If any Englishperson has visited the US, he/she knows that there is a
different denomination of church on nearly every street corner.
If there is anything that characterizes the Episcopal Church
is that we do not fit the normal “we are all Baptists” mentality that Canon
Doll describes. The Episcopal Church
does not even begin to conform to the evangelical, congregational theological
and ecclesial norms of the great majority of American Christians these days. We are clearly a minority church that speaks
loudly and has continued to speak loudly throughout the 20th and 21st
centuries to issues contrary to the ‘religious norms’ to which Doll points. The relatively recent co-option of American
religion by right-wing political and financial interests is as repugnant to most
Episcopalians as it is to most Anglicans.
In 1988 I was called to serve a parish in suburban
Washington, DC. When I arrived, two thirds
of the US Congress, on both sides of the aisle, was, at least nominally, Episcopalian. When such things as sanctions against South
Africa’s apartheid were being discussed it was Archbishop Tutu and Bishop John
Walker, then bishop of Washington, who visited with those politicians to work
for justice for the people of South Africa.
It was the work of the Church then as it still is, to proclaim and hold
before people here in the US and around the world an image of justice that is
being ignored by moneyed interests globally.
This was not just a ‘liberal’ church or a ‘progressive’
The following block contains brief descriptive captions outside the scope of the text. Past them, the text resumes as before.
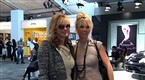 The Real Housewives of New York City: Rules Of Manhattan Society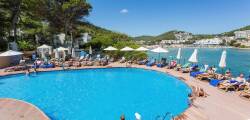 Palladium Hotel Cala Llonga - adults only 9417954072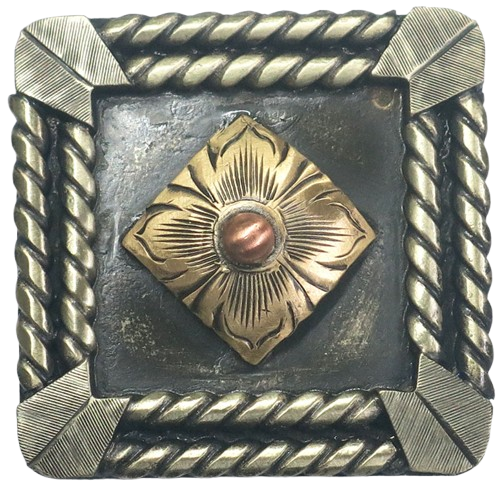 CONCHO 98I5 CN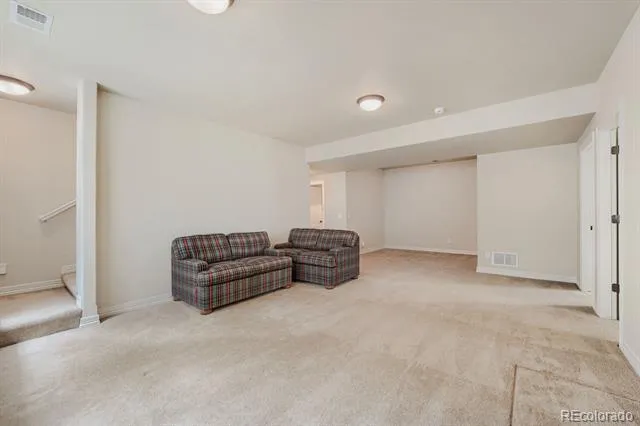 552 Wenlock Court Castle Rock, CO 80104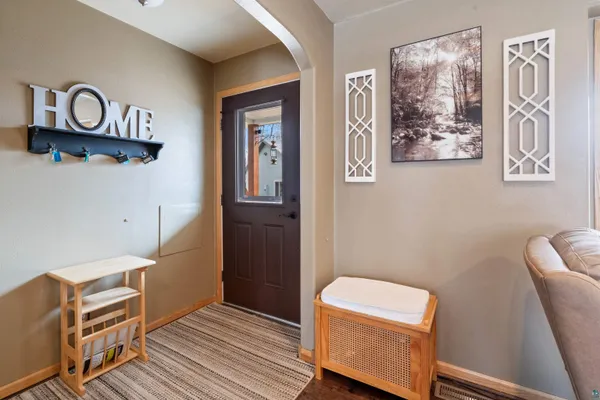 $735,000 | 7282 Blackberry Lane, Duluth, MN 55803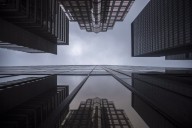 Banks have “ample capacity” to help fund Canada’s adjustment to new era: regulator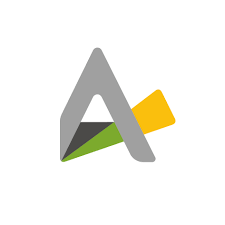 Solar PV cropped alphaess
agenda being floated. It was the work of
people who had touched each other’s lives through the ministry of Jesus Christ
that brought the evils of apartheid to the eyes of the world just the same as
it was the Church of England who through the Abolitionist movement in the 18th
century did in this country. It was
England’s proclamation that slavery was an evil that cannot be tolerated among
the faithful that finally took hold in America.
It caused great tribulation for us in the US culminating finally the
Civil War and loss of millions of lives so that justice could be done.
Much is made of American individualism. It is part
of our national make-up. And it is the
first cry that goes up when change is made.
But I would suggest that we, Americans, while we value our independence,
we also know where and when we must collectivize for the good of the whole
probably better than most. But no matter
what Harold Bloom says, we are not Gnostics.
We are a people who believe that everyone has the right to think for
themselves and submit ourselves to whatever form of ecclesiology that we must
to be a part of the Body of Christ.
I do believe that Andrew Davison does have it right. We are already part of the Communion—all of
us because we are gifted by God with the Communion. To choose not to be part of a communion may
be possible but that does not mean that we are not family. We are family simply because we come from the
same root.
TEC saw that in the way that the Anglican Communion was
formed. We recognized the need of a
loosely confederated band of Churches to be established that found our roots in
the Anglican Reformation. We found in the development of the Church of England
in the 16th century the same need to regularize our Church in the 18th. But we used the founding principles of our
nation rather than the imperial ones of the Constantinople or Rome to build our
ecclesiology. And it has worked for
us. It is part of the character of TEC
and cannot be pushed into some sort of ‘divine right’ appointment by fiat.
It would not be in keeping with who we are as a nation or a Church. I am sorry that Canon Doll has never had an
experience of the Episcopal Church so that he might know of the benefits of
elected bishops and rectors.
As a former Roman Catholic sister and one who used to teach
the Documents of Vatican II in Roman Catholic educational institutions, I am
aware of the principles of conciliarity Doll proposes for the Anglican
Covenant. He claims that the Councils speak beyond the authority of the popes
or prelates. But I have watched those
carefully spoken documents, the work of clerics and laity for the betterment of
the whole of the Church overturned point by point by popes and bishops for whom
such statements are inconvenient or do not match the power that whatever
prelate desires.
Whenever I find any religious leader saying “It is the ONLY
way”, I know it isn’t. The Pharisees of
Jesus’ day demanded and all-or-nothing approach to Judaism and Jesus warned
them of the 'leaven of the Pharisees.' The
Anglican Covenant is not a covenant. It
is a piece of legislation. It says how
we are going to be governed, but it doesn’t say who is going to decide who is
going to govern. And no matter what the
Archbishop of Canterbury says, Sec. 4 is punitive. It says: “It’s my way or the highway.” It is a very poorly planned and executed
piece of legislation that is not worthy of the Anglican Communion , the
Church of England or common law. And after I have seen
the actions of the Archbishop of Canterbury in trying to push this through the
diocesan synods of the Church of England, I am clear that I am not willing the
Archbishop of Canterbury to be ‘an Instrument of Unity’ in the Church in which
I live and move and have my being.
Alan Strange has written “Something must be done—this is
something; therefor this it to be done.”
Something does not have to be done.
If there are those who can’t stand the thought of sitting in a House of
Bishops with other gay folk, then they need to absent themselves from the
gatherings of the Bishops because there are gay folk there—whether honestly or not. But the split in the Communion NEVER has been a
problem about gay folk. It has always
been about power, and the Anglican Covenant is not going to fix that. There will always be a nation that is the big
guy and the nations that are the little guys.
At present it is the US against everyone else. But there are those of us in the US who do
not hold with the bully-boy attitudes of American political or business
concerns and many, if not most of us, are part of TEC. Why lose the allies that you have?